Popularizing Anthropology, Combating Racism: Alfred Métraux at The UNESCO Courier

  • Edgardo C. Krebs


On 18 May 1945 the Swiss-born ethnographer Alfred Métraux (1902–1964) wrote the following letter to his wife, Rhoda, from Tübingen, Germany:

My darling, This afternoon I have been deeply shaken by the sight of a group of Jewish girls who were coming back from one of the death factories — Auschwitz. How to describe them? Imagine corpses who had emerged from the grave. There was around these ambulating skeletons something out of this world.
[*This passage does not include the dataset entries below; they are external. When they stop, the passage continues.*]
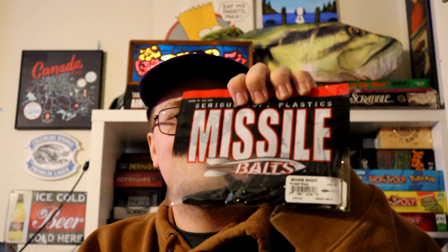I've also got some four-inch Yum Dingers in plain green pumpkin with a red flake — just a nice standard worm in a smaller size. And I picked up the Missile Baits Bomb Shot just today at the outdoor show — it's a black bait with a nice little tail that looks pretty good. I'll probably throw it on a drop shot and see how it goes.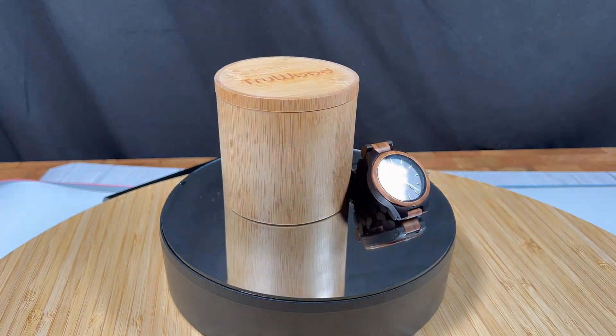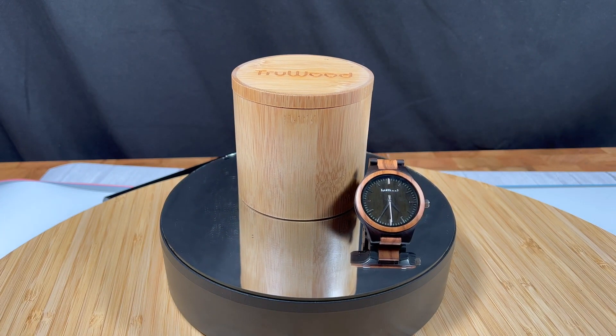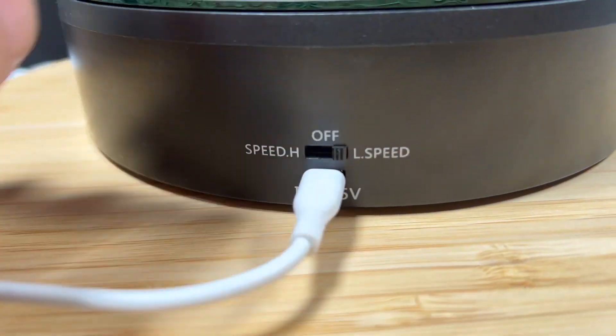If you like to display something in your room, office, or store, this is a great accessory to catch someone's attention. It's a round mirror with a motor under it to spin it clockwise, and you have a low speed and a high speed.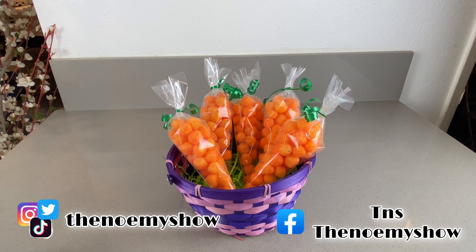Hi everyone, welcome back to my channel. Before we get started, I wanted to go ahead and thank everyone for their support. Don't forget to like, comment, and subscribe. For today's video, I will be doing some carrot cheese balls for your Easter snack bar.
A woman whom I thought to be about 50 turned out to be 23. As she collapsed and was obviously dying, she was taken away in a hurry. I talked with the others. No sooner one of them began to mention the horrors of the camp, the others started to cry and the girl became hysterical. They had their tagged numbers tattooed on their bodies. Darling, I have seen that — most of them had been branded like cattle on the throat or on their shoulders. They were taken to rest in a room with beds on which they threw themselves sobbing and laughing. The few things that they were able to tell (sur)pass the published reports. They were thrown to dogs, forced to witness the burning of other women … They screamed when they mentioned what happened to the children. The whole incident was so awful that there was not a person present who did not have tears in his eyes. I had to leave because I was breaking down.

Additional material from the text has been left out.